- ACTION ITEM -
Exclude the pictures. Transcribe, exactly as written, the lines from the one with "Ba1en*iaga Long-sleeved T-shirt" through the end of the entries below.

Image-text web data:
=== Section Start ===

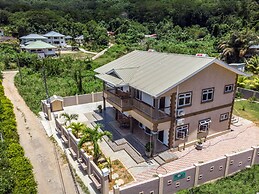 Flora's Self Catering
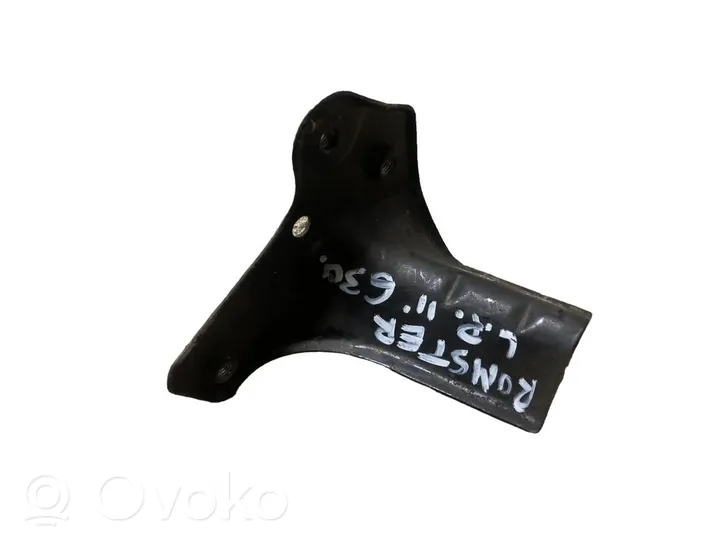 Skoda Roomster (5J) Supporto di montaggio del parafango 5J0821141A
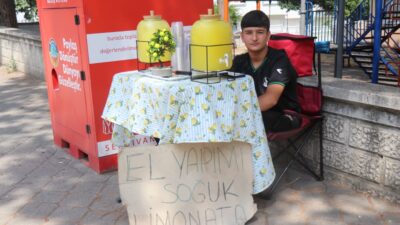 Sakarya’nın Serdivan ilçesinde yaz tatilini evde geçirmek yerine sokakta limonata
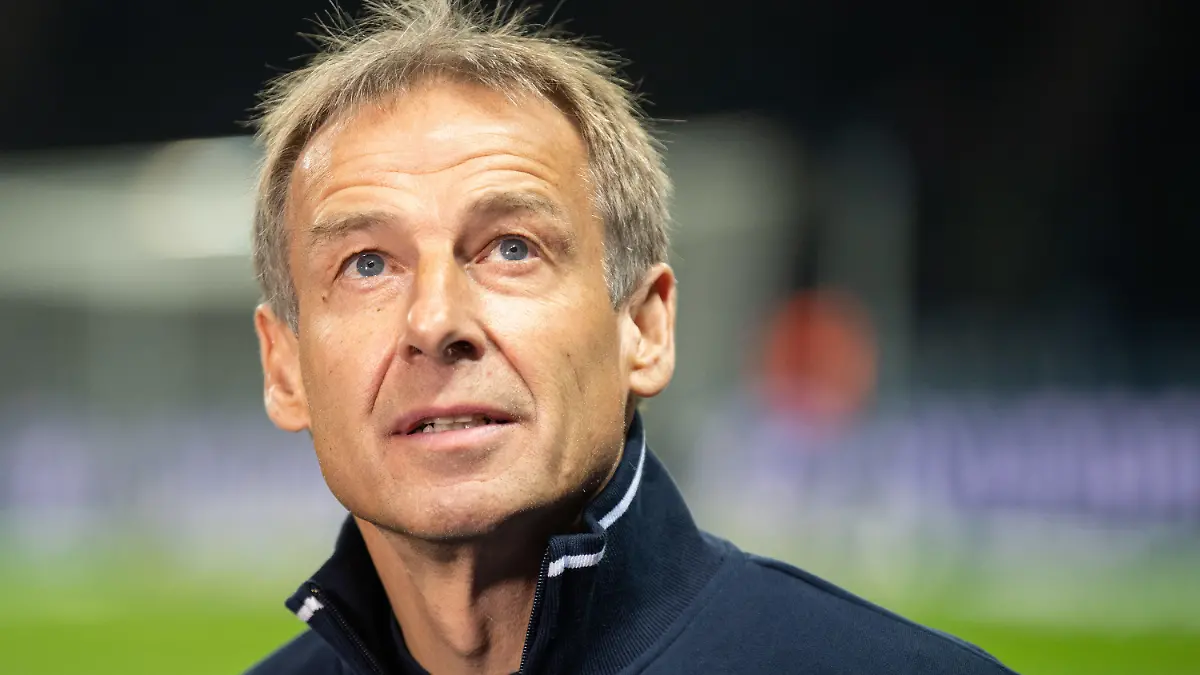ARCHIV - 31.01.2020, Berlin: Fußball,WM, Katar: Der ehemalige Bundestrainer Jürgen Klinsmann ist Mitglied der Technischen Studiengruppe der FIFA. Einem Medienbericht zufolge gilt Klinsmann als Kandidat für den Posten des Nationaltrainers von Südkorea. (zu dpa: ««Kicker»: Klinsmann Kandidat als Nationaltrainer Südkoreas») Foto: Soeren Stache/dpa-Zentralbild/dpa +++ dpa-Bildfunk +++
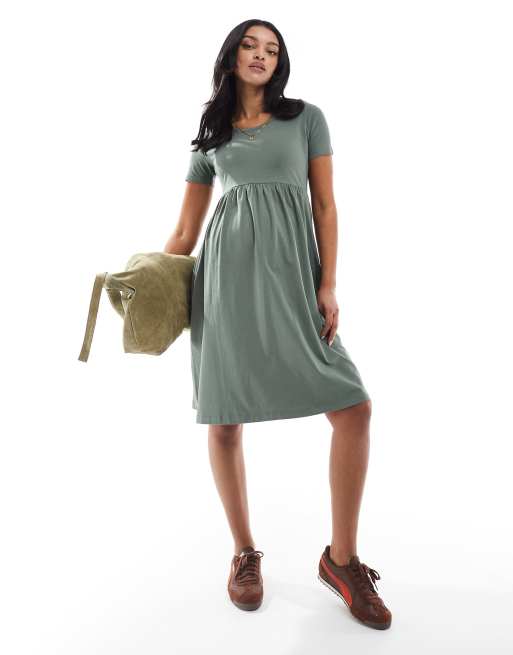 Mamalicious – Umstandsmode – Kurzes, gesmoktes T-Shirt-Kleid in Khaki, 2 von 4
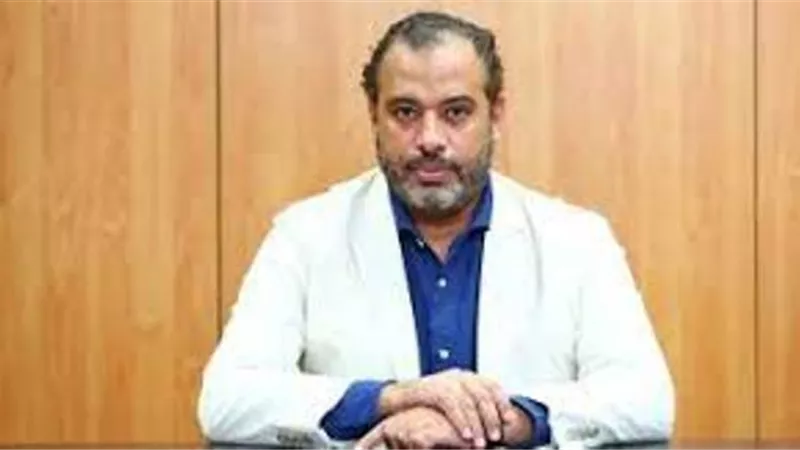 بالفيديو.. استشاري يكشف الفرق بين الجي بلازما والفيزر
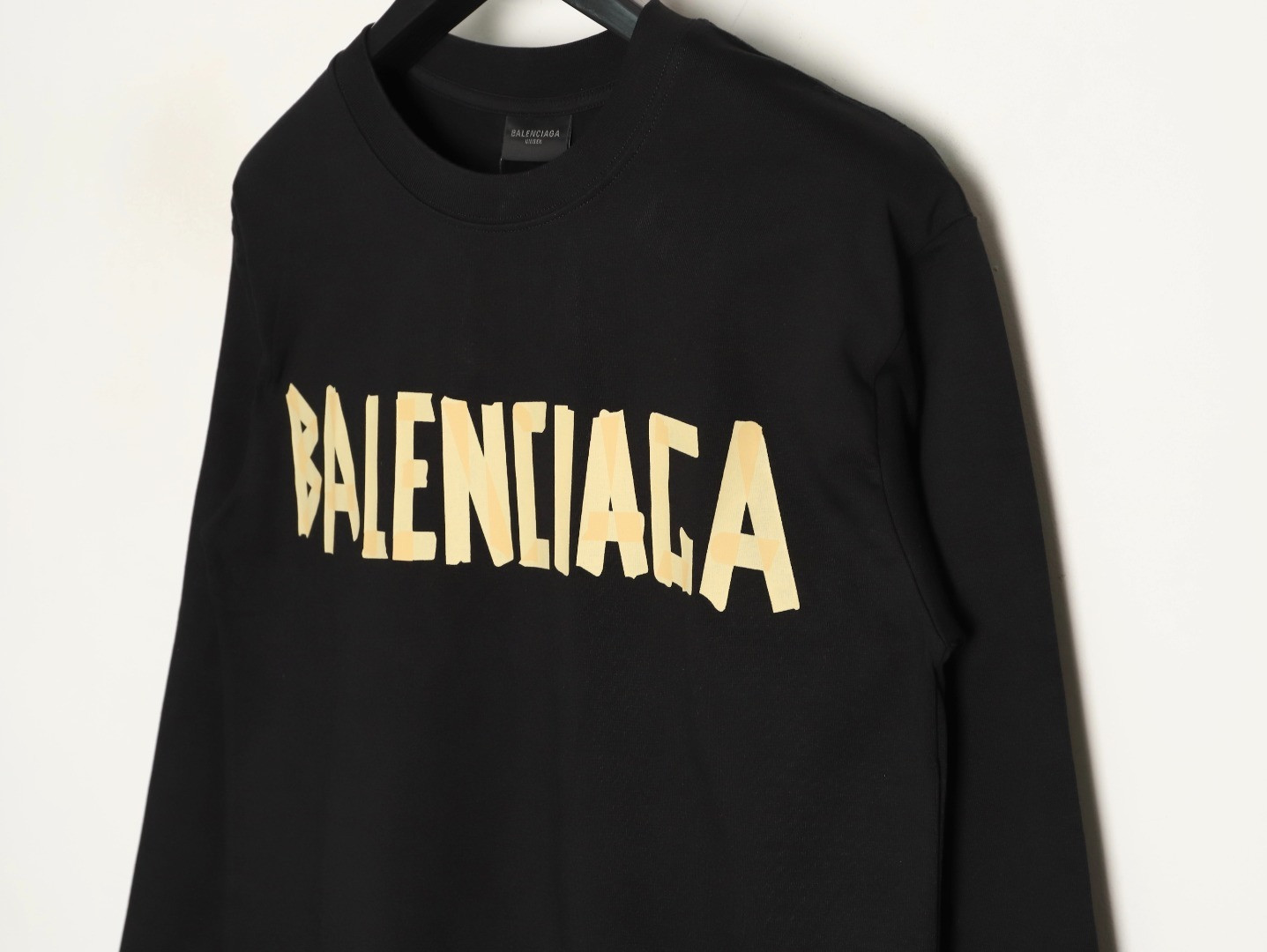 Ba1en*iaga Long-sleeved T-shirt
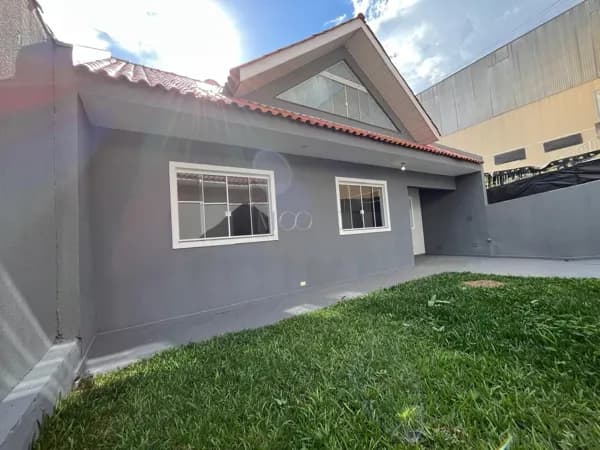 Casa em São José dos Pinhais - Santo Antônio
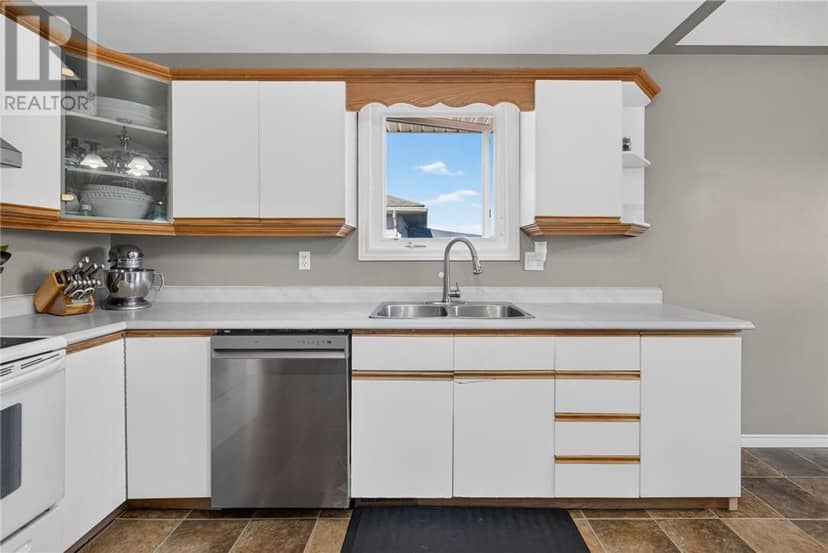 3358 Percy Street — photo 13 of 40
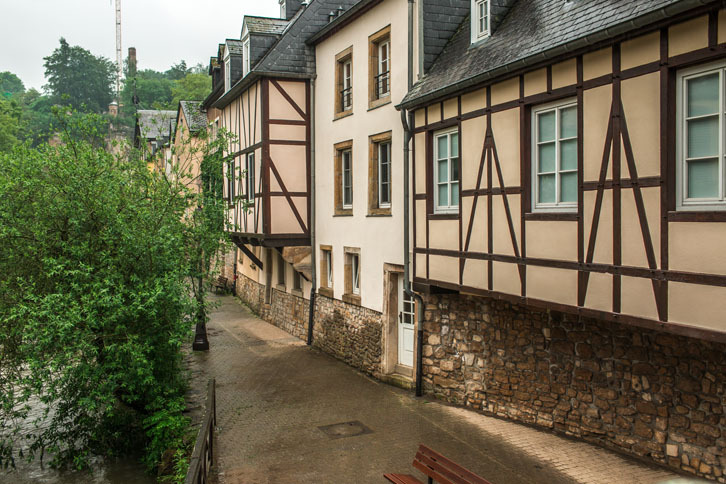 ルクセンブルク旧市街の丘の下にはアルゼット川が流れ、その両岸にかわいらしい、中世から続く街並みが残る。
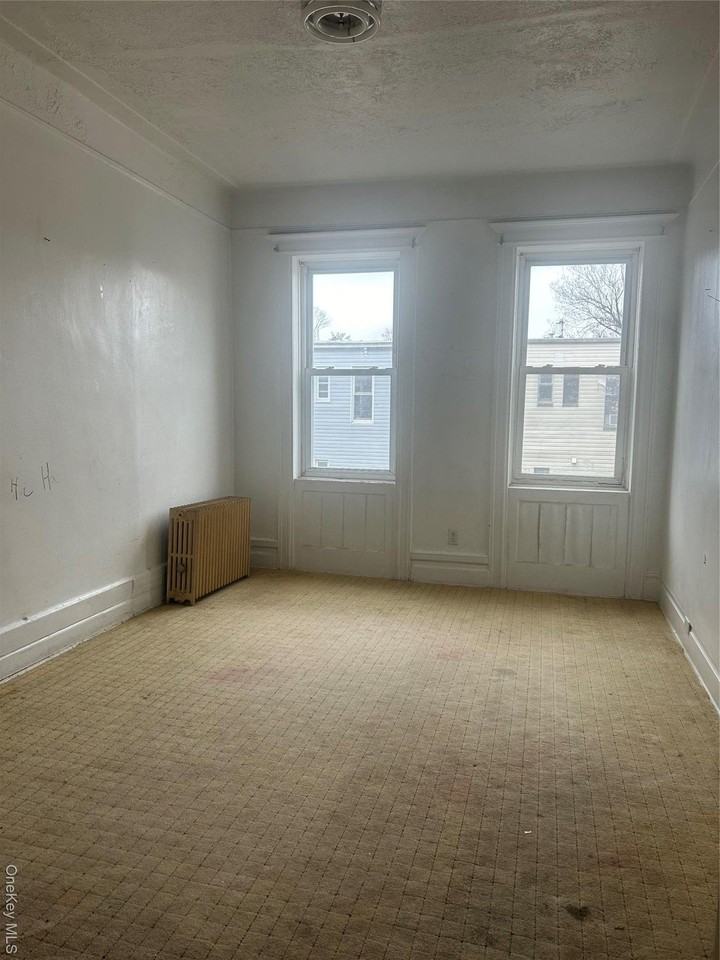 8820 86th St 2nd Fl - Photo 3 of 5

=== Section End ===

- THE COMPLETED TASK -
 Ba1en*iaga Long-sleeved T-shirt
 Casa em São José dos Pinhais - Santo Antônio
 3358 Percy Street — photo 13 of 40
 ルクセンブルク旧市街の丘の下にはアルゼット川が流れ、その両岸にかわいらしい、中世から続く街並みが残る。
 8820 86th St 2nd Fl - Photo 3 of 5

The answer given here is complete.